Sunday, March 10, 2013

AMENDMENTS TO INTELLECTUAL PROPERTY CODE




My professors who have been lawyers for decades often say that we are very lucky for the benefits of the advanced technology available now, because during their time, they had to go to public libraries to get the books, the copies of decided cases and other materials for their assignments. I understand their bitterness. I remember reading the life of the great American president, Abraham Lincoln, walking far distances just to borrow books because he was so poor that his family could not afford a formal education for him.

Maybe they are right. With just one click on the screen of your computer, you can have access on any information that you want. You could even have them printed and shared with your friends.

But this of course has its disadvantages. You just can’t reproduce a book and share it with others without being liable to the authorities for infringing the Copyright Law. And mind you, these authorities, though they may seem not to be active and serious in their monitoring functions, are actually serious and prompt. You’re very lucky if you have managed to be invisible from them for a long period, but I tell you, they will catch you when you least expect it.

So are we really lucky living in this generation?

 I don’t think so. What is the point of making all these copyright works available when you cannot have access to it even just for personal and academic use?

What is the point of having only a limited right to use them and still be subject to the permission from the copyright holder and the Intellectual Property Office (IPO)?

Looking at Section 230 of the new provision in the IP Code which reads:

Sec. 230. Adoption of Intellectual Property (IP) Policies- Schools and universities shall adopt intellectual property policies that would govern the use and creation of intellectual property with the purpose of safeguarding the intellectual creations of the learning institution and its employees, and adopting locally-established industry practice fair use guidelines. These policies may be developed in relation to licensing agreements entered into by the learning institution with a collective licensing organization.

There is really nothing wrong in this provision, its only proper that the state must safeguard intellectual creations . But I think this also means that the state will give more protection to the reading materials and other intellectual creations of the learning institutions and their employees than their students.

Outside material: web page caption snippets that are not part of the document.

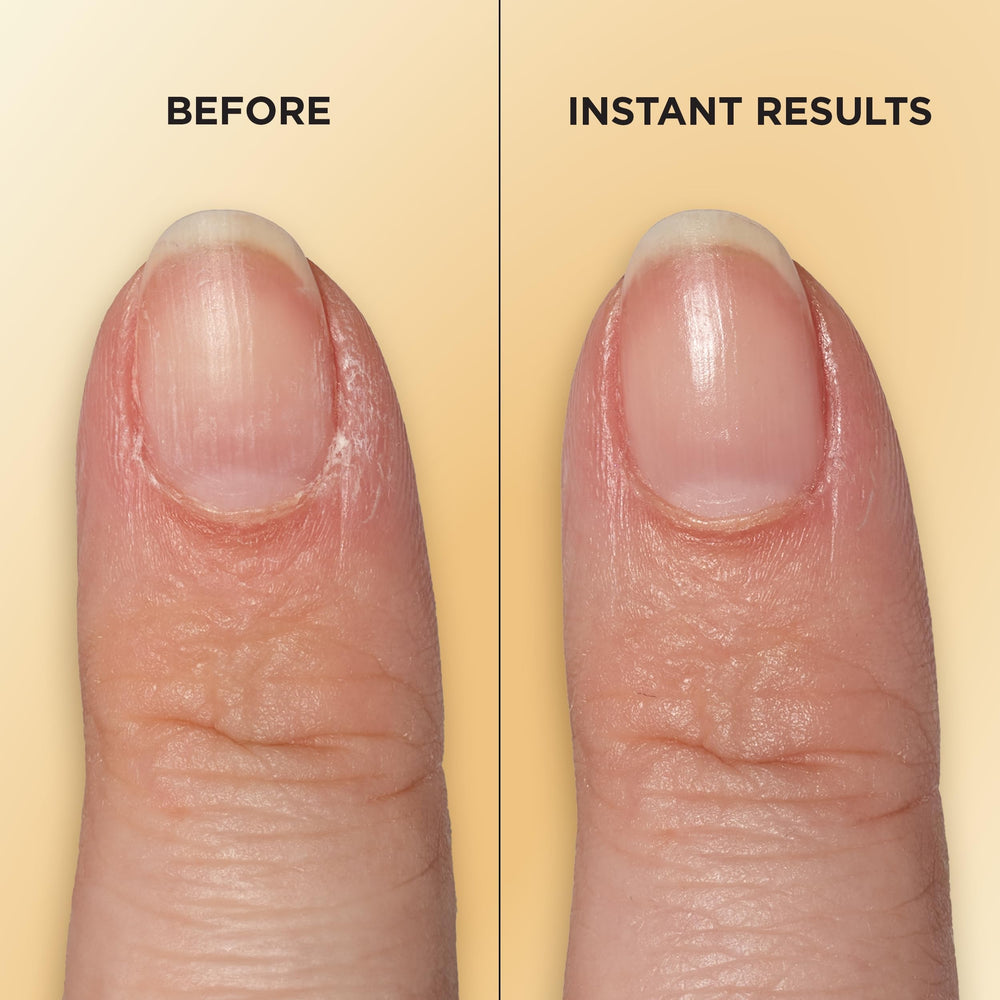 Bolígrafo Sally Hansen mejora la flexibilidad de las uñas.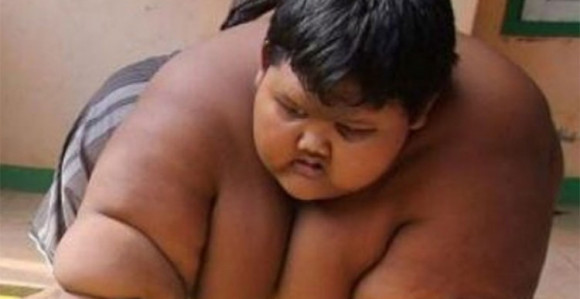 Смршао најдебљи дјечак на свијету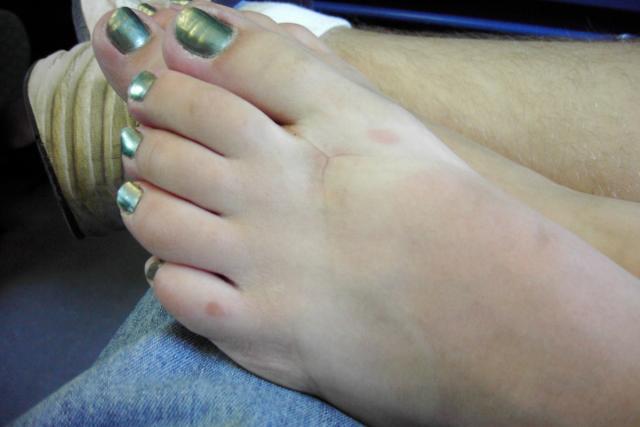 This is the result of wearing your flipflops too long!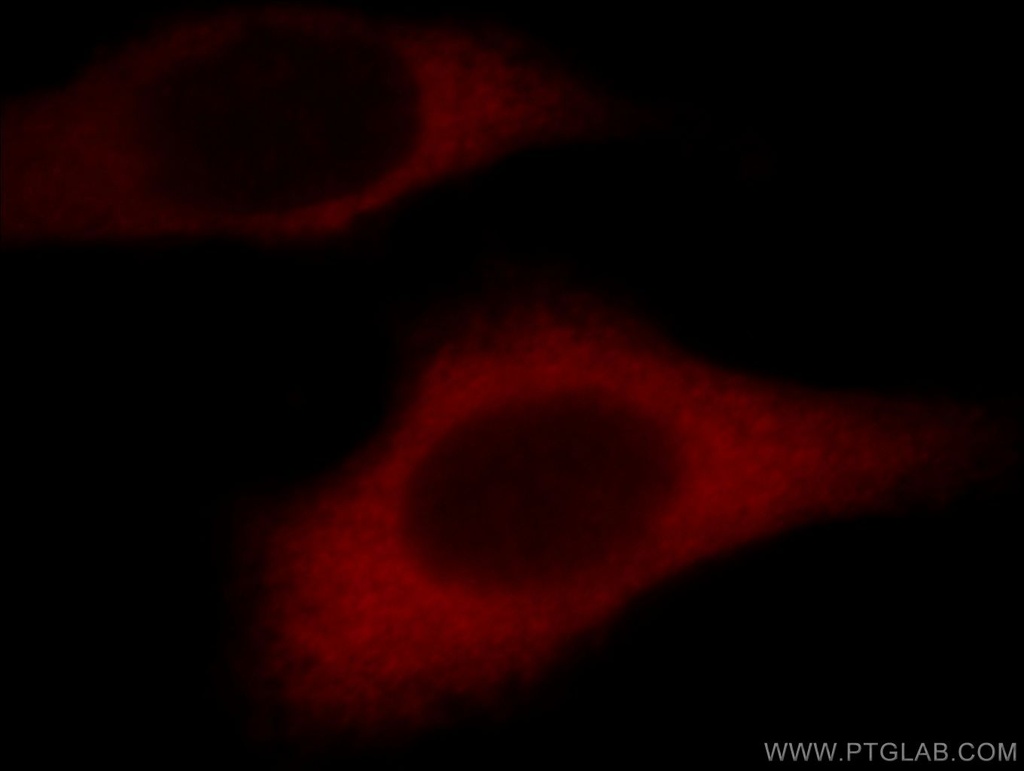 TRIP6 Polyclonal antibody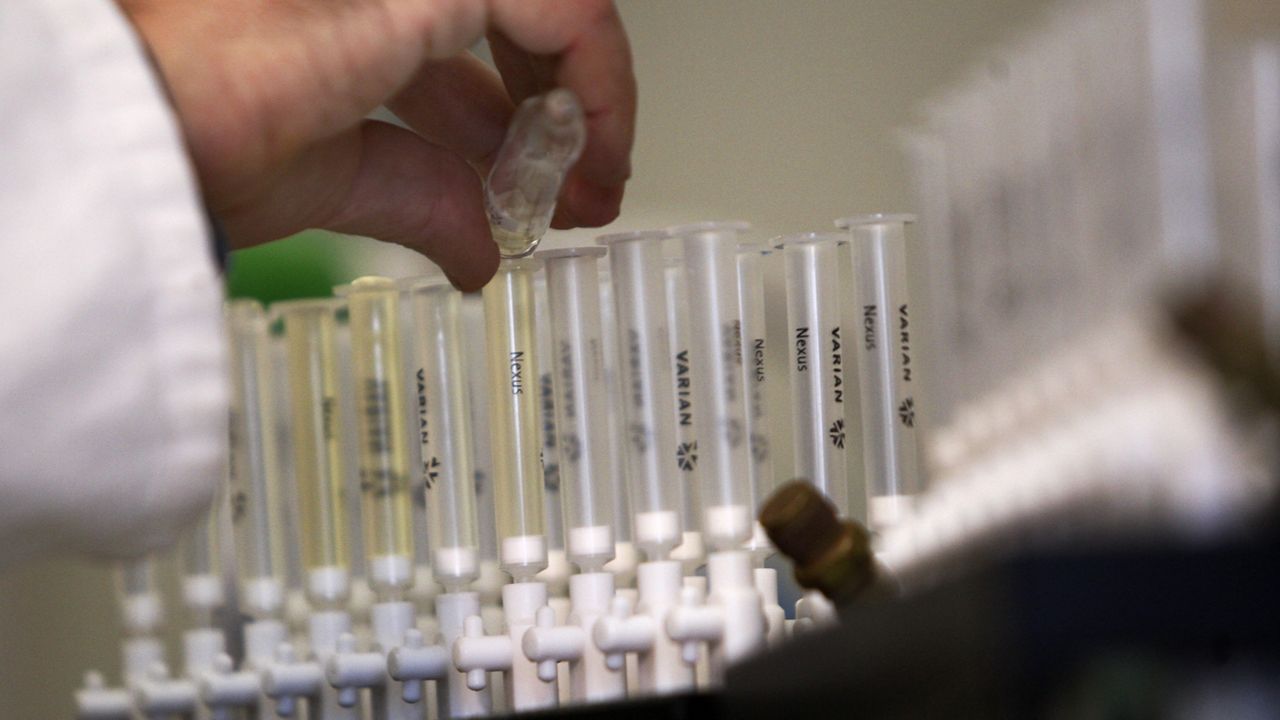 In this Feb. 5, 2010, file photo, a laboratory technician prepares samples of urine for doping tests during a media open day, at the King's College Drug Control Centre in London. (AP Photo/Sang Tan)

Being a student, it is frustrating searching for books or other reading materials that are so hard to find, and in finding such, still I could not use them without paying for them. And so, imagine a working student struggling to make ends meet everyday, photocopying all the books he needs without any care whether or not he is already infringing the copyholder’s  rights just so he could have the necessary materials for his studies.

This problem is common to students researchers, and those who have a deep hunger for knowledge.

Why not make life easier for them? I’m sure whatever the result of their works are, will be somehow beneficial to the whole society.

Let us all be grateful to Blogger Raissa Robles for emphasizing the issues contained in the new amendments of the RA 8296  or the Intellectual Property (IP) Code.

Agreeing with the said blogger, our government apparently, instead of sympathizing with the people to whom copies of reading materials and other forms should be made available, has intentionally chosen to give more priority to the rights of the holders. It just wakes up one day thinking that the genius minds of a few creators deserves more protection and benefits than a great number of people who hunger for knowledge and may also have the desire to share the knowledge they have gained.

Another thing I find really funny in the amendments to the IP Code is the justification of the IPO Director-General Ricardo Blancaflor when he said that the deletion of Section 190.1 of RA 8293, allowing persons arriving from foreign countries to possess up to 3 copies of copyrighted works if they are part of their personal baggage and not intended for sale, is actually better since it permits bringing in as many copies as they want provided that copyright infringement is not committed.   

This is a real form of insulting our capacity to comprehend. We are not little children to be given such answers. Couldn’t the IPO give us better answers to convince us that the said deletion is really intended for more benefits to the people?

With all the issues raised in the approved amendments, the IPO has assured us that such issues will be addressed in the implementing rules and regulations that they are currently drafting.

I’m giving them the benefit of the doubt.

Although the amendments are clear in limiting the use of students and researchers of copyright works, in deleting the explicit right provided by the original provision of the IP Code, and the exclusion of personal purpose as part of fair use, maybe the IPO could really make such amendments beneficial to the people as mandated by the Constitution.

How the IPO could include the deleted parts from the original provisions of RA 8293 in the implementing rules and regulation of the new amendments is an action worth waiting.